» **MATERIAL PROVIDED**:
* * *

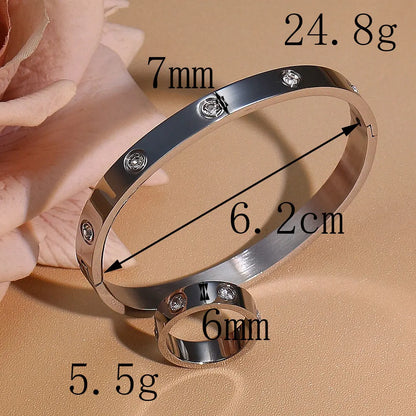 2-in-1 Women 18K Gold-Plated Stainless Steel Bracelet Ring Jewelry Set.
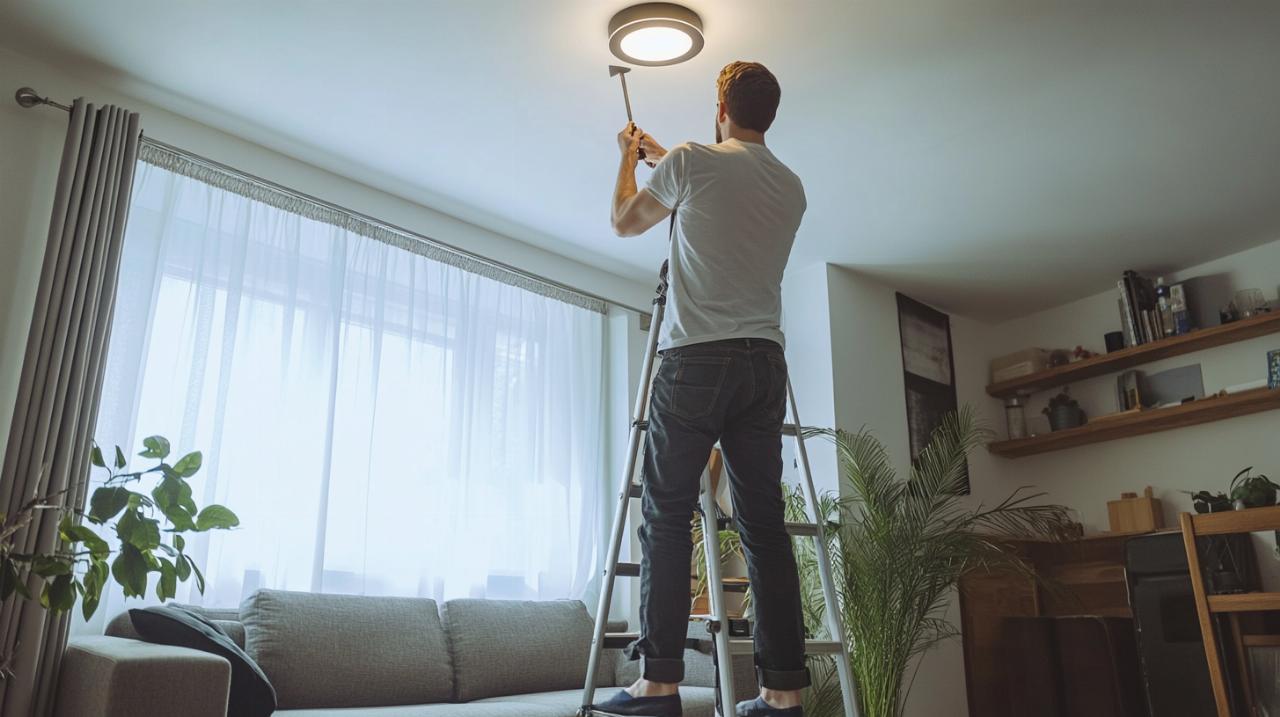¿Cómo reemplazar una lámpara de techo? Tutorial con precauciones eléctricas para evitar accidentes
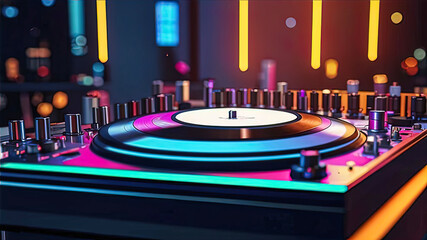 player mixer in high resolution. mixer in music studio with soft ambient lighting, DJ console,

* * *

» **EXERCISE OBJECTIVE**: Would it be possible to give the material above again exactly, with the pictures left out?

» **RESPONSE AREA**:
 2-in-1 Women 18K Gold-Plated Stainless Steel Bracelet Ring Jewelry Set.
¿Cómo reemplazar una lámpara de techo? Tutorial con precauciones eléctricas para evitar accidentes
 player mixer in high resolution. mixer in music studio with soft ambient lighting, DJ console,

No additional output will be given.